Singling Out the Enemy


Congressional hearings in the United States have been called by the powerful Homeland Security Committee of Congress into “the Muslim threat to the country”.  A hue and cry has gone out from the liberal press decrying these hearings as discriminating against a minority group.  This, they say, is akin to McCarthyism.  Bob Hebert in an op-ed piece in the New York Times  (http://www.nytimes.com/2011/03/08/opinion/08herbert.html?ref=opinion) writes that Rabbi Marc Schneier, the president of the Foundation for Ethnic Understanding, was among some 500 people at a rally in Times Square on Sunday that was called to protest Mr. King’s hearings. “To single out Muslim-Americans as the source of homegrown terrorism,” he said, “and not examine all forms of violence motivated by extremist belief — that, my friends, is an injustice.”

We have all lived through  (or at least, for my younger readers, read about) the circumstances where minority groups have been singled out for “special treatment”.  While the Holocaust immediately comes to mind there are other equally egregious actions that are undertaken under the watchful eye of human rights activists. Think Darfur, the Balkans and the unending tribal strife in Africa.

However, that is not what I want to write about today.  I want to recount an emotional walk that I took in Berlin where banners were flying from streetlamps.

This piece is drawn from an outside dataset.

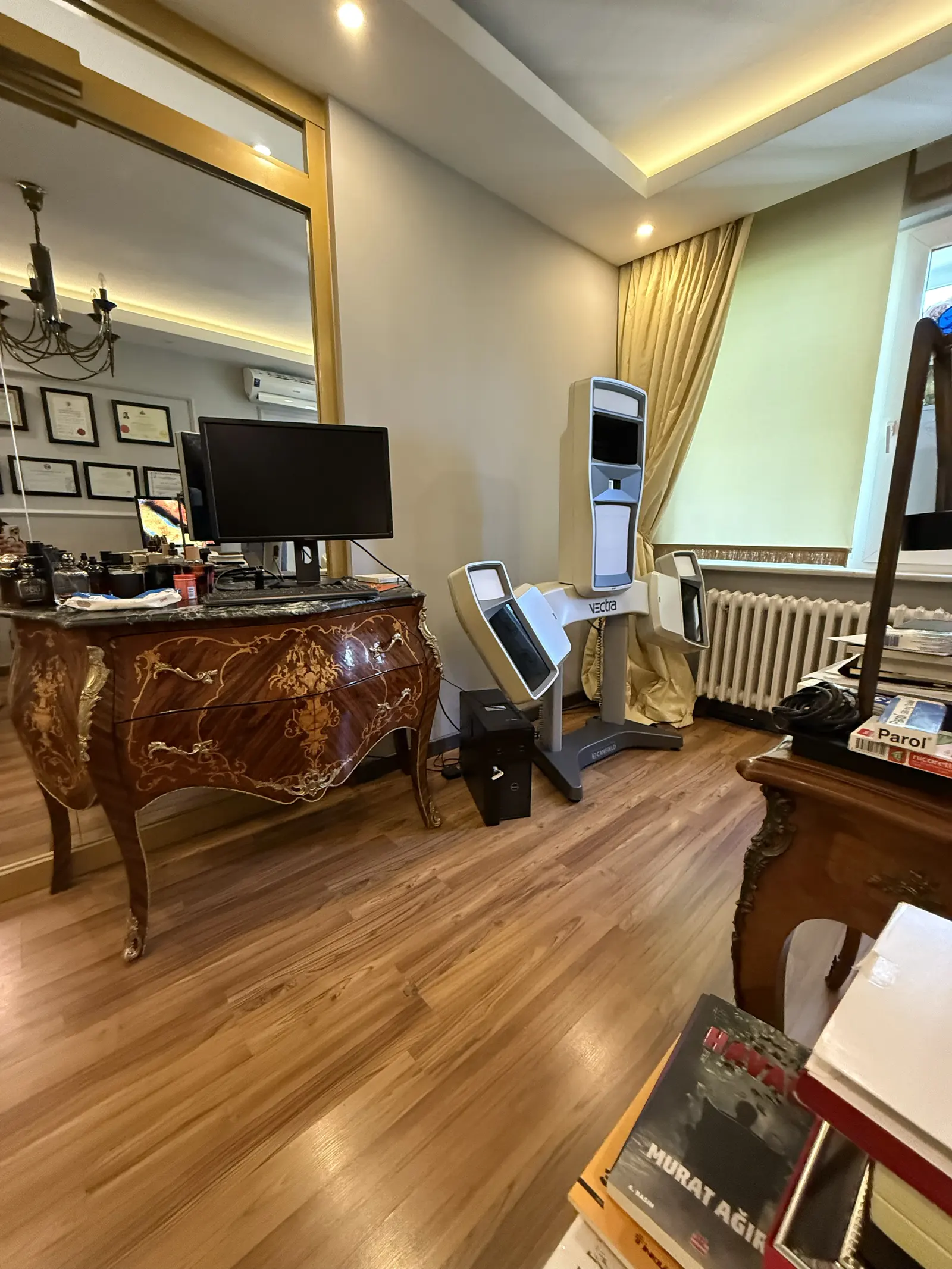 Clinic-provided photograph of Dr Altuğhan Cahit Vural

The banners indicated the subtle “rights” that were taken away from Jews in Germany by a legally elected Reichstag.  These included a ban on sitting on park benches, a ban on attending concerts, a restriction on shopping hours and the removal of healthcare rights.  Each ordinance by itself was a small matter.  Each one, by itself, would hardly stir up the local population. The local population, as a whole, did little or nothing to protect a minority group from these injustices.  I wonder why.

I once asked my brother what he thought about the interment of the Japanese and the confiscation of their property during World War II.  After all, he was a member of a minority religious group who, at that time, suffered prejudice almost every day.  My brother thought nothing of the injustice meted out to the Japanese.  They were, after all, the “enemy”.  The fact that they were Canadian citizens did not seem to count.  The mere possibility of “dual loyalty” was enough to put them away.

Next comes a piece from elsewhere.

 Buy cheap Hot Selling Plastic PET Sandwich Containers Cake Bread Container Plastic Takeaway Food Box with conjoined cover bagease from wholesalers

We are too fast to categorize minority groups, whether ethnic, religious or otherwise as having, as a group, this or that undesirable trait.  We accuse some of being, at best, unpatriotic and, at worst, enemies of the state.  As the song in South Pacific says, “You Have to Learn to Hate”. 

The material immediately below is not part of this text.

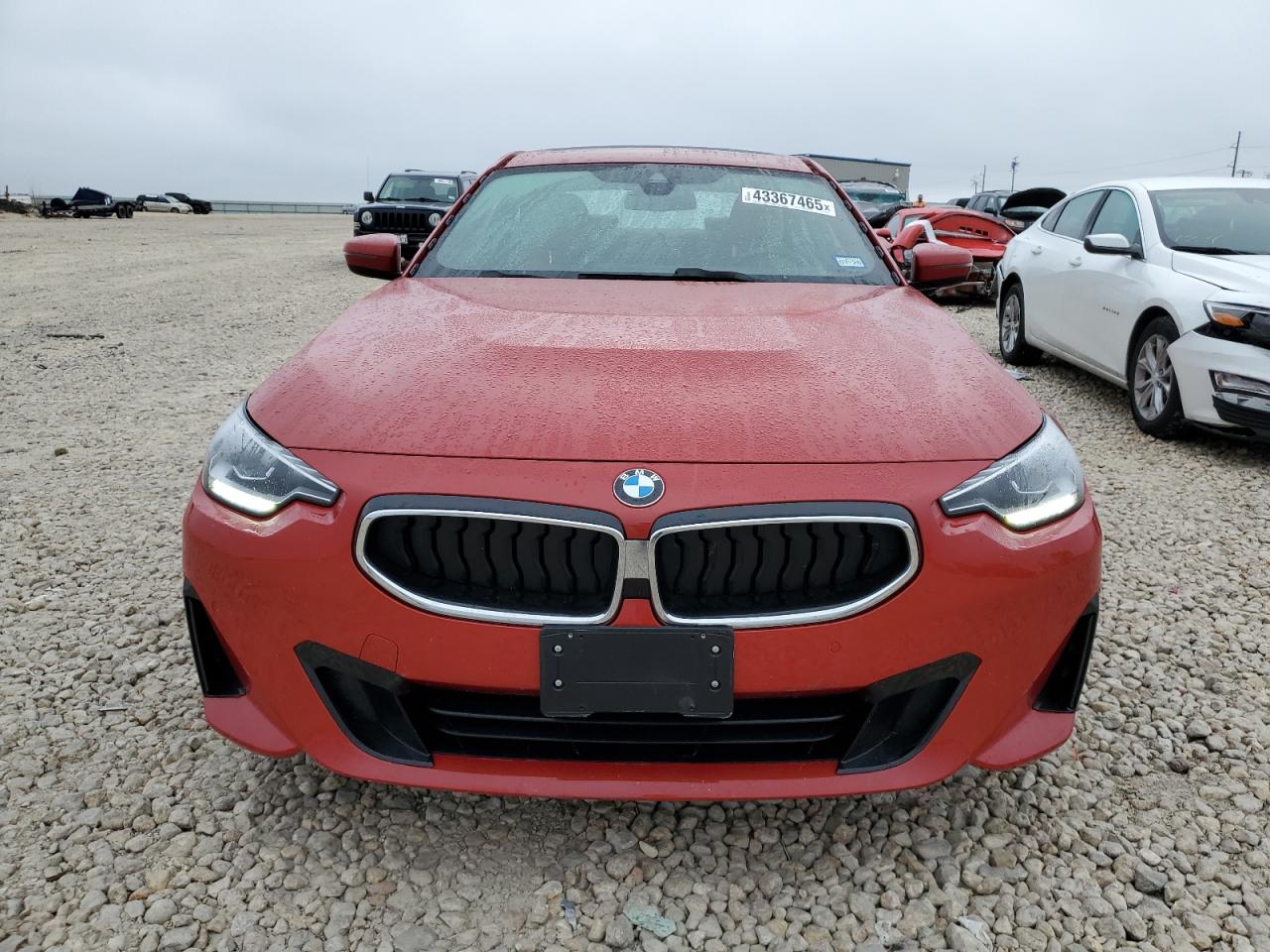 2024 BMW 2er VIN 3MW23CM0XR8E03995 Copart auction photo, undercarriage / rear end damage thumbnail 5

In Canada the problem is exacerbated.  Our immigration policy has encouraged people from third world countries to make Canada their home.  We have some of the largest expatriate populations of any country in the world.  For the most part these immigrants have made splendid contributions to Canada.  However, some of the younger members of these groups have fallen on bad times.  This is, largely, because our education and social services systems do not have the infrastructure and the money to give these young people the necessary skills to obtain higher education or to be integrated into our workforce.  Too often, I hear racial slurs against minority groups as a whole. 

We can all help.  It starts with our children.  If they hear racial slurs at home they will get repeated at school or in the playground.  It starts with standing up to someone who utters a racial slur or tells a racial joke. Tell them that this kind of behavior is unacceptable.  This takes fortitude.  It starts with joining civic groups that help newcomers integrate into our communities as productive members.  Possibly we can avoid the kind of finger pointing that is now going on in the US congress.